L’USFP tire sa révérence. Le parti quitte une majorité douillette, devenue trop pénalisante pour rejoindre la posture de ses années de lustre: l’opposition et ses aires enchanteurs. Le rideau tombe sur une présence en continue d’une quinzaine d’années sur la scène gouvernementale. A un rôle de premier plan ont succédé des prestations ministérielles distribuées au gré d’une mise en scène politique orchestrée par d’autres acteurs. La posture de leadership porteuse d’un rêve de transition démocratique a cédé la place à une timide occupation de quelques maroquins que symbolise sans fard la détention par un chef historique d’un portefeuille de décor.
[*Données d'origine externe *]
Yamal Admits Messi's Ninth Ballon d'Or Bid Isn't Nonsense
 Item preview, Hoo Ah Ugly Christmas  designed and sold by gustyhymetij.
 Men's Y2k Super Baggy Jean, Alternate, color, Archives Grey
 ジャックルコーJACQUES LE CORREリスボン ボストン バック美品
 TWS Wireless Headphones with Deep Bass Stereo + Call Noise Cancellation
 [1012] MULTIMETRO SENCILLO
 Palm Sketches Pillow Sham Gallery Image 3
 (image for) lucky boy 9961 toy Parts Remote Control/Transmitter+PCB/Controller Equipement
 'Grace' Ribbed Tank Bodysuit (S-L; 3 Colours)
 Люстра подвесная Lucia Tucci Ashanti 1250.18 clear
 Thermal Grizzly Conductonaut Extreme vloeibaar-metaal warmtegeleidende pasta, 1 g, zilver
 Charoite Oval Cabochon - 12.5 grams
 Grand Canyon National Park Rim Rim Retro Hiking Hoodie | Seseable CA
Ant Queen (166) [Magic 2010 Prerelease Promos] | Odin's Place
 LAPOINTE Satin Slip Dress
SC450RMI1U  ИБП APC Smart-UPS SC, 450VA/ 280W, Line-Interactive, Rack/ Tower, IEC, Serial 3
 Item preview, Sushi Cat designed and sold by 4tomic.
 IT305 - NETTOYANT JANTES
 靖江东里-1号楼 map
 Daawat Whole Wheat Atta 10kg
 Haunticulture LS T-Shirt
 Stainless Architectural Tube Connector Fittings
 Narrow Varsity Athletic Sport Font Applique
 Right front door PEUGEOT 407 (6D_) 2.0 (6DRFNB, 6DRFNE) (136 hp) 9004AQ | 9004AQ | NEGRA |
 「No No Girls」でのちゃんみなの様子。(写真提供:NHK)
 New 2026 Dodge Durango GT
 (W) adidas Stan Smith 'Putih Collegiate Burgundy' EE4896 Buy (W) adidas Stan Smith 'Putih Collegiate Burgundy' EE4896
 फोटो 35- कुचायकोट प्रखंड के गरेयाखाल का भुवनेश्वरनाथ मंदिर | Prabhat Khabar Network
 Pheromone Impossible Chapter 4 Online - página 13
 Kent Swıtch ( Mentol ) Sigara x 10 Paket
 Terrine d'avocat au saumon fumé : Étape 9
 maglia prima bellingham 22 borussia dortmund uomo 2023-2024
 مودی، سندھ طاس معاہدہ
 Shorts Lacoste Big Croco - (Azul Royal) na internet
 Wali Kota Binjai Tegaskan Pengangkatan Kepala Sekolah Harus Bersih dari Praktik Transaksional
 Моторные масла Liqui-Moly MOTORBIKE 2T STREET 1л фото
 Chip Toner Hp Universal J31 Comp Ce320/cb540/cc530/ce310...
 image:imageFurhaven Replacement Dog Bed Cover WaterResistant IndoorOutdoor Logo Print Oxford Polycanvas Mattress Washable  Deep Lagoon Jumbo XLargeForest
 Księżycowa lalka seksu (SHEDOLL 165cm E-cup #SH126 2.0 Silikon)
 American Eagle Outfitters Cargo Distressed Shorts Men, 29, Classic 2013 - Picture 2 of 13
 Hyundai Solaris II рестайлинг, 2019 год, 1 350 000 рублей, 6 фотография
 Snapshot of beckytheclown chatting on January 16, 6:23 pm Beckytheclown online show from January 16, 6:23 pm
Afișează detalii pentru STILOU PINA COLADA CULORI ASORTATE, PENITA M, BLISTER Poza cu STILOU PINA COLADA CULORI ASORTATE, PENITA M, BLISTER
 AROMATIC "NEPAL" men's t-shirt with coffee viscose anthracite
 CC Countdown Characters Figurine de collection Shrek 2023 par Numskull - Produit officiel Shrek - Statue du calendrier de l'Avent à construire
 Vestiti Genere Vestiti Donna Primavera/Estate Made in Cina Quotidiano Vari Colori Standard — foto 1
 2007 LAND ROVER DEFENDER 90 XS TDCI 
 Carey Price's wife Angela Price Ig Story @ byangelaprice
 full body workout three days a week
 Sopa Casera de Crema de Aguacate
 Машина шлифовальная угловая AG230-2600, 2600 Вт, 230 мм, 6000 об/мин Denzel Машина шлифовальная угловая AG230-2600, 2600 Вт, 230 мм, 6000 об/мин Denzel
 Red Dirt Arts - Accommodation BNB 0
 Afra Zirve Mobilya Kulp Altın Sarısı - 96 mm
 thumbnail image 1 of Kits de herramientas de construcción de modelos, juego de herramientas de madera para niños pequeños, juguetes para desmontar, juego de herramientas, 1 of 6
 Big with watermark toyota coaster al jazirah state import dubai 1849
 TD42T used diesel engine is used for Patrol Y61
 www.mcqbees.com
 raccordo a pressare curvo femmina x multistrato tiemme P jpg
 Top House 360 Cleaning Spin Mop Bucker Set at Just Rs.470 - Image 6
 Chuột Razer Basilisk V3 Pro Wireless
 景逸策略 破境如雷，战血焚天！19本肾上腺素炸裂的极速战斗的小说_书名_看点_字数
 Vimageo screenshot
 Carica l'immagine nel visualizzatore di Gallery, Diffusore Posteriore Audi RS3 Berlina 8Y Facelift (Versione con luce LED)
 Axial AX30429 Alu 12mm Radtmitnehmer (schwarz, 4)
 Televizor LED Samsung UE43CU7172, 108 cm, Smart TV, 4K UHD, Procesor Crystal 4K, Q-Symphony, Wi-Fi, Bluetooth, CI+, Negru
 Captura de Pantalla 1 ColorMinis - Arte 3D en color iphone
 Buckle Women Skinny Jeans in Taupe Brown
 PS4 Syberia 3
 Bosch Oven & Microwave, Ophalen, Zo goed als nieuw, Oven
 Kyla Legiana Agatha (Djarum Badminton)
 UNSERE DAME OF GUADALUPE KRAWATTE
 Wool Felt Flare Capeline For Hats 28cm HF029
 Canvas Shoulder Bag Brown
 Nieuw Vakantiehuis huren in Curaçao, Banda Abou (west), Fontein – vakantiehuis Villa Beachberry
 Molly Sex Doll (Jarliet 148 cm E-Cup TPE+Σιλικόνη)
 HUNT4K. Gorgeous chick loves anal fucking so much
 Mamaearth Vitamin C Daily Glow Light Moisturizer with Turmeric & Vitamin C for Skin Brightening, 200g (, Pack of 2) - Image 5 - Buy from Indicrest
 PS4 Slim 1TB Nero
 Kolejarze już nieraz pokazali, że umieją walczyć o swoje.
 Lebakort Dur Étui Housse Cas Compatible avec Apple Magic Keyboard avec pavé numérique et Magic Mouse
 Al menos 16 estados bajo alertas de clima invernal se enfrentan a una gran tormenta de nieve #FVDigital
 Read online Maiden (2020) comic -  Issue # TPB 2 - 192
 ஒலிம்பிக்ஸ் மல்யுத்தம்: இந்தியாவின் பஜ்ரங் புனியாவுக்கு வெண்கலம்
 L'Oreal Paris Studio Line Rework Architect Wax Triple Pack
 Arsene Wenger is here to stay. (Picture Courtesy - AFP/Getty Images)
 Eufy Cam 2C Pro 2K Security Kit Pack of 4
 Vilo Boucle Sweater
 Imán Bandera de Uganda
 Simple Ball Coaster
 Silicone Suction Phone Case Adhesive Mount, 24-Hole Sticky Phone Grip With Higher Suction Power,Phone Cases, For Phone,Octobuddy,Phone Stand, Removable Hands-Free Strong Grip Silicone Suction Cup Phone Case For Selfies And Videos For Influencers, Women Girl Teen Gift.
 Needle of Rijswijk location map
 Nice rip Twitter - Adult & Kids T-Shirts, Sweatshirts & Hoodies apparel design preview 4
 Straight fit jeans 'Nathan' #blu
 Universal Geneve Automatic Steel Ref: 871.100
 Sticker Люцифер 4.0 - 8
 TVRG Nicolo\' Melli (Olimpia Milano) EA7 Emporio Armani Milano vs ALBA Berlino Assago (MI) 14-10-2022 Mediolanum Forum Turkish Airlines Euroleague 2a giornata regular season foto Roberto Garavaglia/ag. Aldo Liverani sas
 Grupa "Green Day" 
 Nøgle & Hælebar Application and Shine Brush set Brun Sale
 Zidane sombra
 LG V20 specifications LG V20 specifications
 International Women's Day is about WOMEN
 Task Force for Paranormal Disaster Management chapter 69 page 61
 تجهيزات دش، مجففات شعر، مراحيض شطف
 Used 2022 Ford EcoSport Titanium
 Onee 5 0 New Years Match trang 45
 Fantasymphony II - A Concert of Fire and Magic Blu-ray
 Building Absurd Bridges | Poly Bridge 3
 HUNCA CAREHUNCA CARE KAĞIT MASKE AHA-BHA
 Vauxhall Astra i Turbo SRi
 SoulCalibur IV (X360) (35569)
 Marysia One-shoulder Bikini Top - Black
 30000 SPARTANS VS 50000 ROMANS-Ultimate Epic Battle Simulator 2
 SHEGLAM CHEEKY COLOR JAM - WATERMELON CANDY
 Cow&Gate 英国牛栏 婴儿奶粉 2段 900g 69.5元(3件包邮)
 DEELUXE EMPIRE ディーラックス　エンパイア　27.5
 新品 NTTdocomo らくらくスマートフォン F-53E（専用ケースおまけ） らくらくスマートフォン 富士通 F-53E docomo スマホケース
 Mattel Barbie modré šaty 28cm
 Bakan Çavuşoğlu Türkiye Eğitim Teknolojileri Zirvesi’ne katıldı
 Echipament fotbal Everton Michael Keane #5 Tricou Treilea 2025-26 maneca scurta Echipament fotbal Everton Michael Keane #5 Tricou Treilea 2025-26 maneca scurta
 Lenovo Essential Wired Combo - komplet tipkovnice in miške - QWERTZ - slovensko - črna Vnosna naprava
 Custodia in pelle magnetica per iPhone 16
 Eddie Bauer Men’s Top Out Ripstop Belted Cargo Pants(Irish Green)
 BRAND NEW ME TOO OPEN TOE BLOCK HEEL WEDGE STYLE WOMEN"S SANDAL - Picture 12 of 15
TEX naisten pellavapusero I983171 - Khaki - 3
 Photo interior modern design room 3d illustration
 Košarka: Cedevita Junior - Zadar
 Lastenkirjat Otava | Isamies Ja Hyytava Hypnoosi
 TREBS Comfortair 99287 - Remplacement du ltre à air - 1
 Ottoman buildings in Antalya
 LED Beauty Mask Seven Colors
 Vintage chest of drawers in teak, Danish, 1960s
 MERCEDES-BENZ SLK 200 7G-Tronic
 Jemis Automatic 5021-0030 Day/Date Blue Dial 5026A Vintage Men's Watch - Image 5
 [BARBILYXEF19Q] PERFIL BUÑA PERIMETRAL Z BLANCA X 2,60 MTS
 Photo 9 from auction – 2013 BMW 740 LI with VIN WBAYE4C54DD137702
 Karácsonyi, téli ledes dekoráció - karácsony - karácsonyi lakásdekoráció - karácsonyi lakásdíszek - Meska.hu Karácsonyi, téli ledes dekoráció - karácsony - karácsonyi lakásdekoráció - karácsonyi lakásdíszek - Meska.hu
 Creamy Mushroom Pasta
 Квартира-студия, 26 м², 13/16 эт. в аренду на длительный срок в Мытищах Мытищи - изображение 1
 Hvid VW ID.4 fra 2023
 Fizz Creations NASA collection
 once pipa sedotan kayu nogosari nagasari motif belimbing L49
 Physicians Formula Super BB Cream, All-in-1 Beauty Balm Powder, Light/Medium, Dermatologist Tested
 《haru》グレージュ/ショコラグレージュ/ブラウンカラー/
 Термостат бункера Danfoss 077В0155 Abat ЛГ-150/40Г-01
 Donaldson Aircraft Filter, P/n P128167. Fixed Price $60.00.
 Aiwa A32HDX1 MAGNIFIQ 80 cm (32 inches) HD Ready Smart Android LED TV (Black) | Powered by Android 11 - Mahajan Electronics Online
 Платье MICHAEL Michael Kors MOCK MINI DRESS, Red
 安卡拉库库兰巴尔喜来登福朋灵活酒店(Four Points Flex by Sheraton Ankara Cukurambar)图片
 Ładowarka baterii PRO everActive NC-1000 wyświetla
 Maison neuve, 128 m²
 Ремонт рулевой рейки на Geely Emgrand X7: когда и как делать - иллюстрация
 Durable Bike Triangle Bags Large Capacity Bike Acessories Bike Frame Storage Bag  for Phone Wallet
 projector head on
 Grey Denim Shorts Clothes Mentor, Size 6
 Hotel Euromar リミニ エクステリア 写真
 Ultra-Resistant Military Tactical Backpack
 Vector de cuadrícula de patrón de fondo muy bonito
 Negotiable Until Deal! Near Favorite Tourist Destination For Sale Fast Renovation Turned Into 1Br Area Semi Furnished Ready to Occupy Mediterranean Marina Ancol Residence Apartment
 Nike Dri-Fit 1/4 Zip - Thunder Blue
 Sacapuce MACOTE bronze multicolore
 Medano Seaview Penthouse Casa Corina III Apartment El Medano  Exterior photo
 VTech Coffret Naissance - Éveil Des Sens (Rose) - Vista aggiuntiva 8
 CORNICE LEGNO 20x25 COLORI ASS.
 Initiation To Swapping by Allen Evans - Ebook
Aujourd’hui, l’USFP va devoir s’interroger sur les raisons de son échec, et entreprendre enfin une mutation trop longtemps différée. En premier, il y a cet enfermement du parti dans une responsabilité de gestionnaire des affaires publiques identifiée beaucoup plus aux compétences ou aux défaillances de ses ministres qu’à la politique d’une organisation forte de sa vision, de ses méthodes et d’un art de gouverner dans l’autonomie et la responsabilité. En second lieu, il y a cet autisme politique face aux appels de la société, la dilatation de la distanciation sociale. L’USFP a tellement intériorisé cette présence au «pouvoir» qu’elle s’est sentie dispensée de bousculer les tabous, d’investir de nouveaux champs. Comme si la légitimité qu’elle tenait de son capital historique était une source inépuisable de reconnaissance du peuple.
C’est cet état d’esprit qu’il s’agit de changer. Ce qui suppose des révisions courageuses de la doctrine et de la pratique politiques, en commençant par faire l’analyse juste de la société, de ses mutations, des ambivalences de la modernité et du conservatisme qui la traversent en profondeur. L’USFP doit accepter de penser et d’agir autrement. Cela suppose qu’elle ait le courage de s’affranchir d’une déviance et d’éviter une dérive. La déviance est celle du sectarisme d’appareils vieillissants, coupés des mouvements et de la diversité de la société, des jeunes, des intellectuels, des syndicats et des associations, des nouvelles formes d’actions revendicatives et des nouvelles solidarités. La dérive est celle de retrouver les oripeaux d’un discours et d’une praxis gauchisants, populistes et vaguement tribuniciens. Cette posture risque de bloquer la capacité à formuler positivement un projet novateur et crédible. C’est d’une gauche de transformation sociale et d’action que le Maroc a besoin, plutôt qu’une gauche otage de ceux qui ne veulent pour rien au monde assumer l’exercice des responsabilités. Il faut imaginer un processus qui transforme en profondeur l’USFP et la gauche marocaine, devenues aujourd’hui des institutions affaiblies par la récurrence de pratiques productrices de divisions et d’échecs. Il faut changer ces mœurs et apprendre à conjuguer autrement richesse du pluralisme avec l’impératif du rassemblement et de l’efficacité.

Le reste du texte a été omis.